AN ESSEX artist was stunned after hospital bosses told her to take down an exhibition because staff were offended by the work.

James Hore

AN ESSEX artist was stunned after hospital bosses told her to take down an exhibition because staff were offended by the work.

Art student Niki Reid applied to have her work displayed at Colchester General Hospital and was given the go-ahead to put up a 12 pieces for a month.

However, the 49-year-old from Abberton, near Colchester, was stunned when she received a phone call just two days later asking her to take it down from the corridor walls because staff were upset.

Mrs Reid, who is about to begin a Masters Degree in Fine Art, said she told some people had been shocked by what they had seen.

She had placed the dozen works in the first-floor corridor just yards from a restaurant in the hospital and believes it may have actually been concerns about hygiene which prompted the complaints.

Mrs Reid's work had previously been on display in exhibitions at the Minories Gallery in Colchester and on other occasions at venues in London.

Both “Toothbrush” and “Hairbrush” contain hair in the collages, but it is not human hair while another piece features a blue t-shirt with open blister packets of the drug Thyroxin.

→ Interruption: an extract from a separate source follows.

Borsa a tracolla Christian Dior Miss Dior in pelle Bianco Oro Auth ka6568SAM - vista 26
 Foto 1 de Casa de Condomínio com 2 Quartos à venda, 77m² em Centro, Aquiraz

The Colchester Institute graduate said she had no intention of offending people with the work and had held back other pieces which she thought inappropriate for the hospital.

She said: “The work was meant to be amusing - not shocking - I respect the decision of the hospital, this is the last thing that I wanted to do was offend anybody.

“However, as artists, we are not here to encourage complacency amongst people and I was a little surprised that it was the staff who had complained.

“It was especially strange that they took offence to the one with the empty medicine packets as it is something that they are dealing with every day of the week.”

She said her fellow artists had been in touch to offer their support after last week's problems.

A spokesman for Colchester Hospital University NHS Foundation Trust said: “We have received complaints from staff and share their view that this artwork is inappropriate for a public corridor at a busy hospital which is used by many people, including children.

“All artists who exhibit here sign an agreement that states that the trust reserves the right to take down work that is considered to be inappropriate and this is the action that we have taken on this occasion.”